**ASSIGNMENT**.
Reproduce only the lines of the material below that start at the line containing "Stylish Crimson Night" and stop at the line containing "Rato Sem Fios". Keep both end lines.

**DATA EXTRACTS**.
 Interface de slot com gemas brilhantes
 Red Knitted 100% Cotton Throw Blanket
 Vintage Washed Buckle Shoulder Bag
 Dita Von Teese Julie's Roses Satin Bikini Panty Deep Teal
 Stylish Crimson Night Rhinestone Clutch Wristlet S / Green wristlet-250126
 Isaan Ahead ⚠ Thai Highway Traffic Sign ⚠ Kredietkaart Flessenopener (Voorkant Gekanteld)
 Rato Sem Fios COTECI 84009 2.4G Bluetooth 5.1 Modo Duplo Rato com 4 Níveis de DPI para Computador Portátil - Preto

---

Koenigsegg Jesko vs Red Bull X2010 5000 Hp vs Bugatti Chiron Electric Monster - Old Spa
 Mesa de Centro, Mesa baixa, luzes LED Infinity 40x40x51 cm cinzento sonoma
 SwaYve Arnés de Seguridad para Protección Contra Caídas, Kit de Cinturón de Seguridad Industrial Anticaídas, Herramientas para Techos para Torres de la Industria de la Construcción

**TASK OUTPUT**.
 Stylish Crimson Night Rhinestone Clutch Wristlet S / Green wristlet-250126
 Isaan Ahead ⚠ Thai Highway Traffic Sign ⚠ Kredietkaart Flessenopener (Voorkant Gekanteld)
 Rato Sem Fios COTECI 84009 2.4G Bluetooth 5.1 Modo Duplo Rato com 4 Níveis de DPI para Computador Portátil - Preto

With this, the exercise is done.